I have a pile of recycling in my basement that I would like to just throw in the trash.  I'm tired of it in my way.  The thing is, we don't live in a "rich" part of the city, so even though we received shiny brochure in the mail announcing a new initiative in the city to put recycling bins in every alley, we have never seen such a bin.  I have sent complaints to the city, but apparently, my house isn't nice enough, because I never heard a reply.

So they are basically assuming that my neighbors and I don't want to recycle.  Maybe that's because I don't actually have neighbors on either side.  Maybe that's because there isn't even a trash can on our sidewalk so there is trash everywhere, and of course, people who don't throw trash in the trash can are not going to recycle.  Or maybe it's the same reason the Metrolink station on Grand has been a health hazard, while Metrolink stations at Forsyth have colored lights and seat warmers.  Maybe it's the same reason the main streets get repaved while some of our side streets are still cobblestone.  And I wonder if the crack house on the street with cobblestones would be there if the street were paved, or if the street would get paved if there were no crack house.  But that might be off topic.  Or it might not be.

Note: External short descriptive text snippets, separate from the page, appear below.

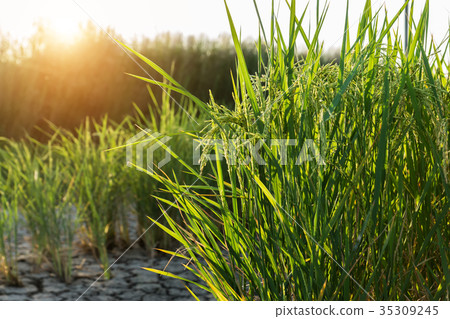 Rice and seedlings ready to harvest. Rice and seedlings ready to harvest. 35309245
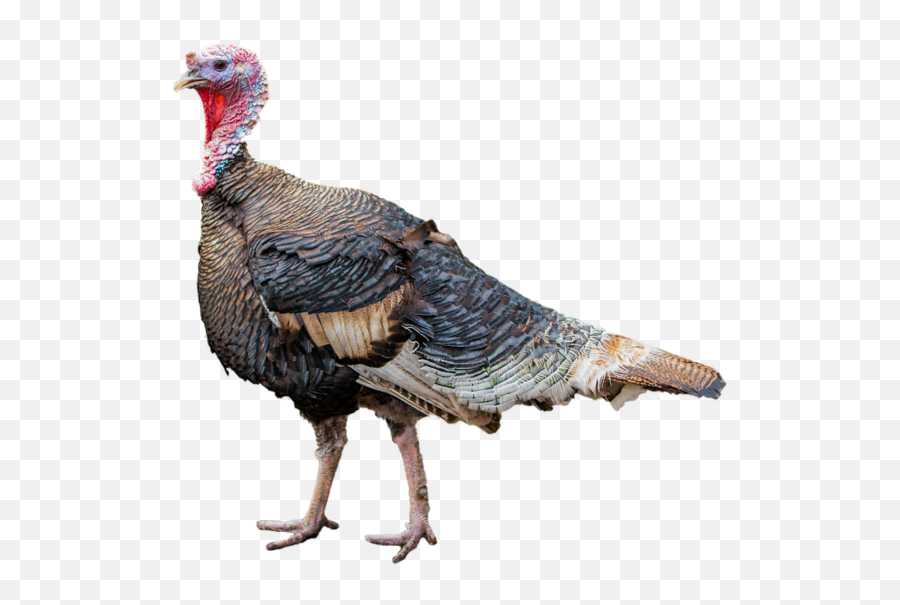 Turkey Png Transparent Background Image - Pavo Png,Turkey Png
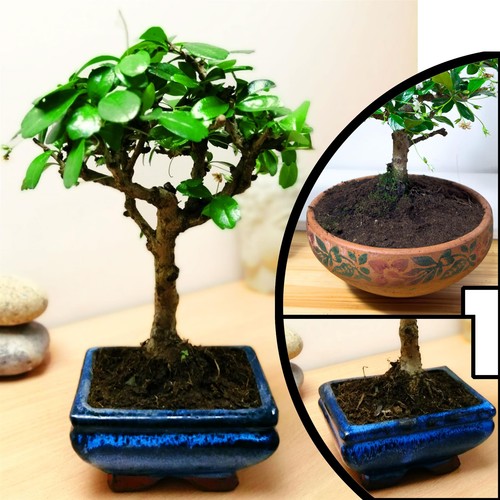 Fukien tea tree live bonsai - tree,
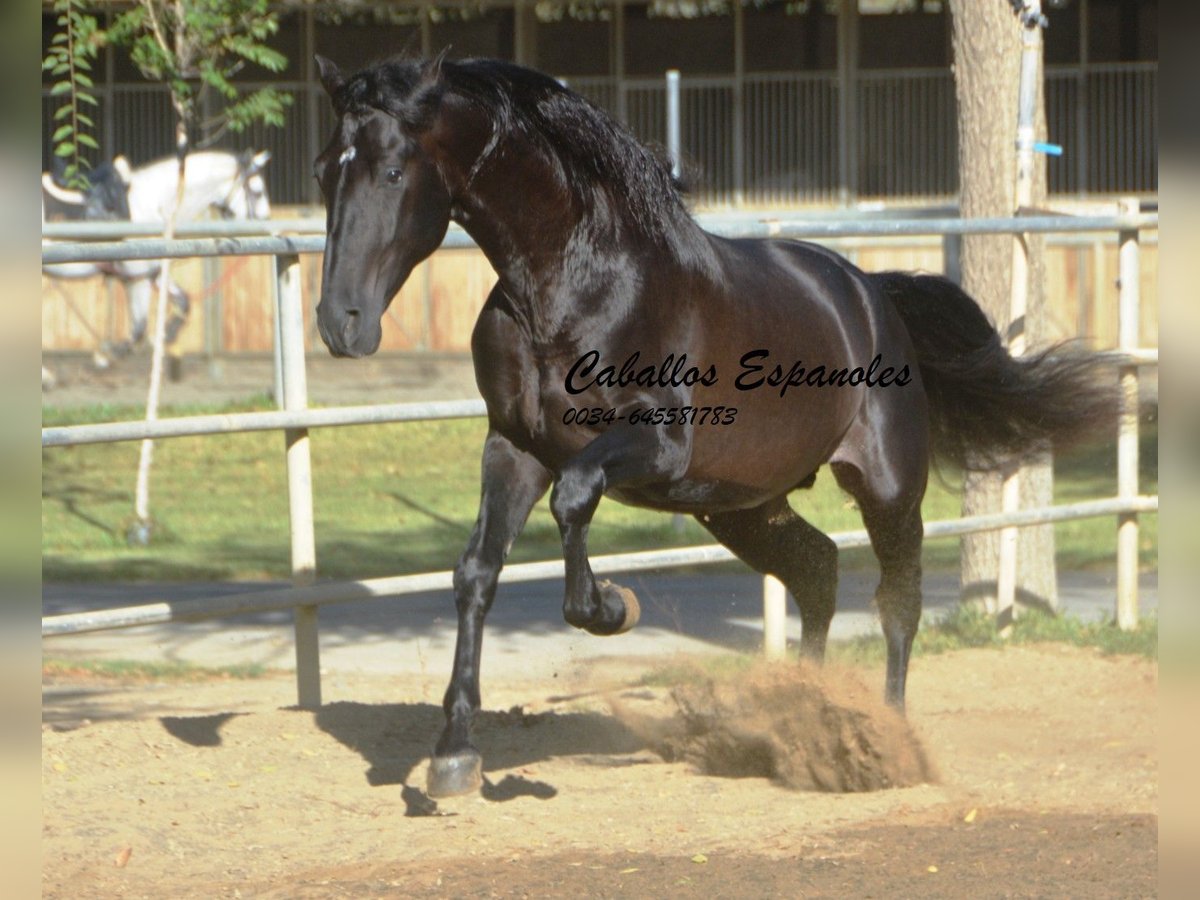 PRE Étalon 3 Ans 165 cm Noir in Vejer de la Frontera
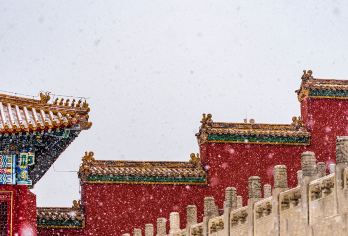 北京故宫博物院+颐和园一日游【升级五环内接/深度讲解】【[安心出行]品质舒适大巴，全车每天消毒，体温检测，空座率！】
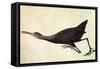 Limpkin-John James Audubon-Framed Stretched Canvas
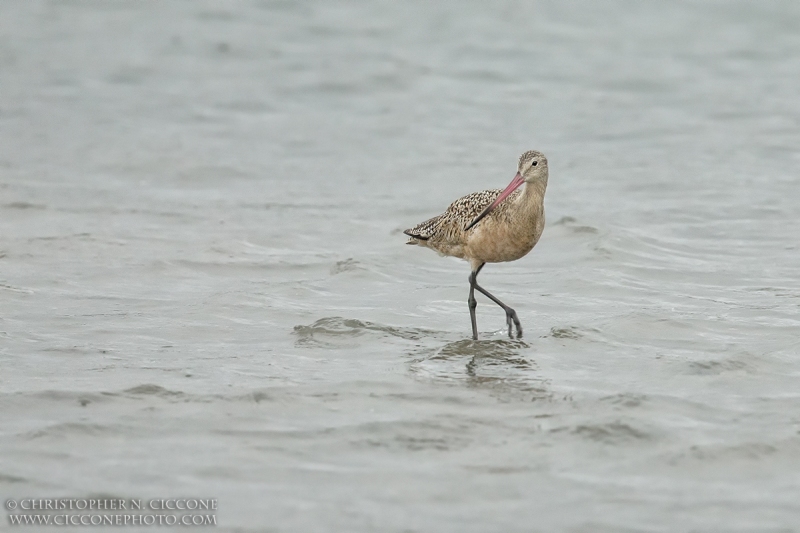 Marbled Godwit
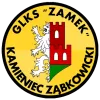ZAMEK KAMIENIEC ZĄBKOWICKI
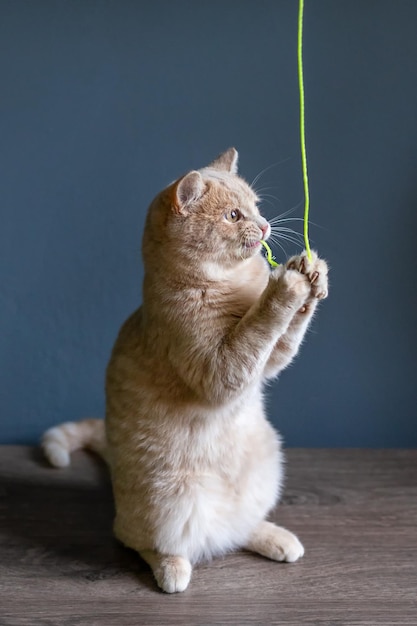 Słodki kotek stoi na tylnych łapach i gryzie zieloną linę. Kotek bawi się liną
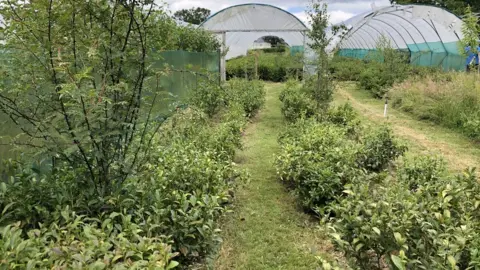 Tea plants and polytunnels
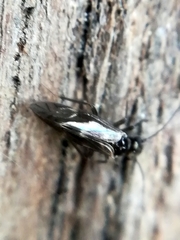 Elipsocidae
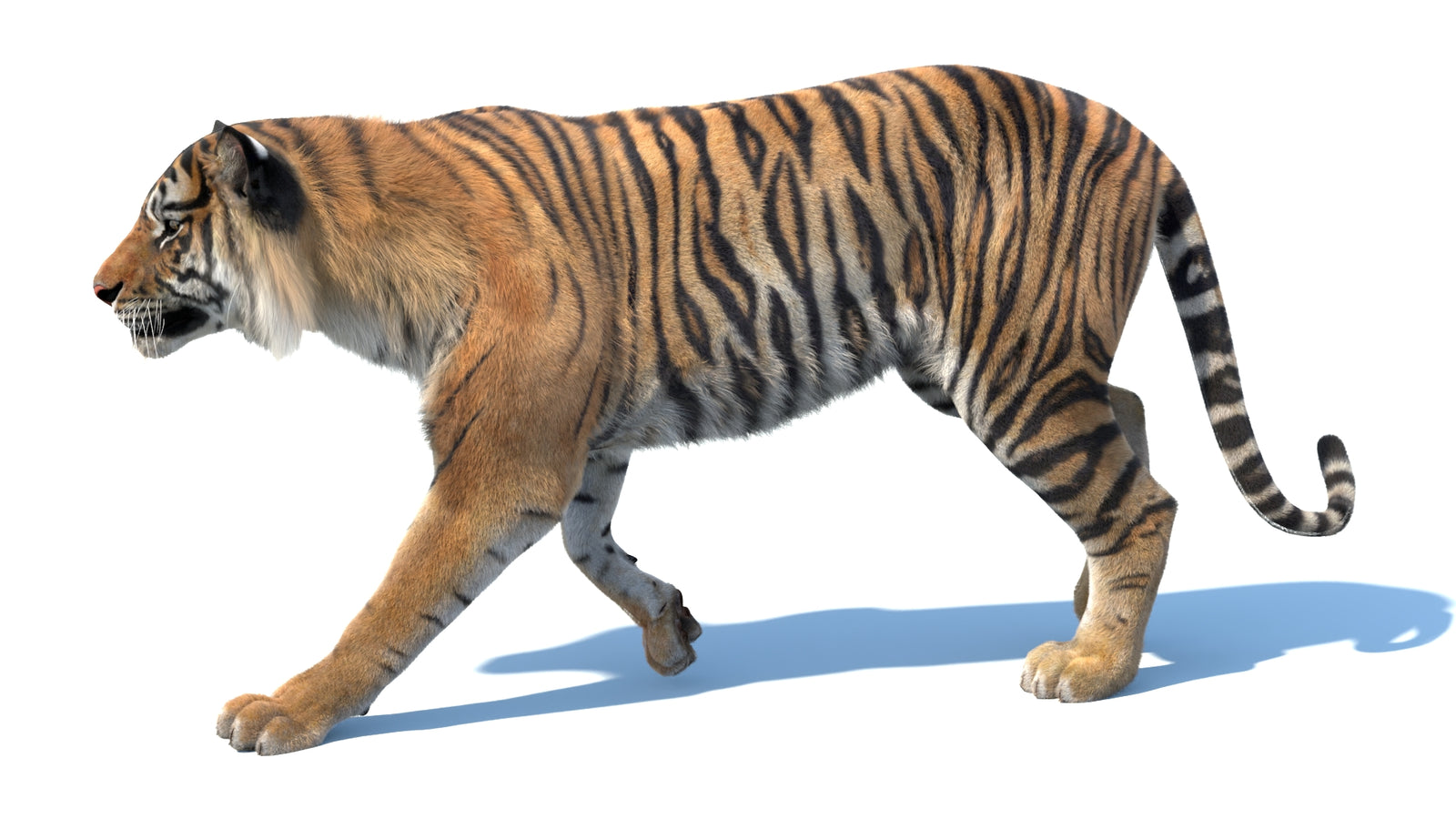 Animated Sumatran Tiger 3D Model Fur 360° view 3 frame 24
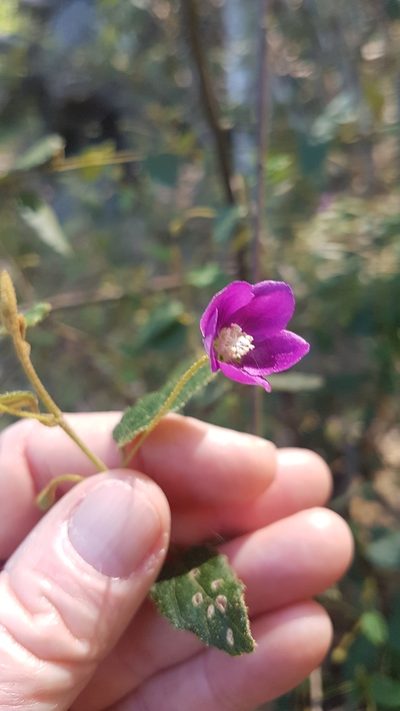 Howittia trilocularis, photographed by Vale Jenny Conolly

In any case, I did not throw away the recycling.  Why?  Am I that hippy tree-hugger?  Call me what you like, but I actually have faith that my recycled stuff cuts down on new plastics being made, new waste sitting in the landfill that keeps growing, etc.  Maybe my faith is blind and they really just throw everything away. I hope not.  But then, I am one of those people who has the luxury to think about things like recycling.  Anyway, it would seem that the city only believes that rich people want to recycle.

Chicken Heartbreak

So we have four chickens... Today I looked out the window and saw one of the birds is acting really lethargic, standing very still, feathers fluffed up, almost with her eyes closed, not eating, drinking a lot when she makes it over to the water. Her comb is pale and around her eyes look pale, too, if that is possible. Her poop is white and runny. I'm thinking either it might be coccidiosis or cholera... The other birds are still okay as of now. 

But I feel helpless.  I hadn't read anything about illnesses, which I should have.  I am struggling not to act panicky, because there is really nothing I can do at the moment.  All the stores are closed.  We were not prepared for this.  And so we know--we are not really farmers.  Farmers are prepared.  Farmers plan ahead of time for disasters.  Farmers don't panic when they know nothing can be done.  They don't panic when something can be done.

I'm praying for my chicken.  Is that silly?  I'm praying that God will spare her despite our stupidity.  It's not her fault, anyway.  

It is so bittersweet because finally today after almost a year of having chickens, a  troop of kids marched themselves into our backyard, petted the chickens, asked for eggs, played with the baby... I bandaged a bloody toe and handed out some water. It was noisy, but nice.  I felt useful in the neighborhood and my chickens helped pave the way.  Poor chickens. 

Wednesday, June 1, 2011

New Mercies

That's what restoration is all about: mercy.  And that's what we get, in the natural and in the spiritual.  Our garden was in need of mercy, because we had messed it up.  So after a little garden lime, a little more compost, and some fish emulsion, plus a good few weeks of cool, rainy weather, our lettuce is finally growing, our tomatoes look like they might become good plants, and the chard is growing.  Then comes some hot weather, so the peppers and eggplants will have a shot, too.  God is good.

The biggest thing I'm learning in all this is that God is not afraid of mess.  I mean, I keep learning this, because I'm messy and God isn't afraid of me again and again.  This might only just be a learning process, but that's okay.  I hope we get some eggplant, but if we don't, there is always next year.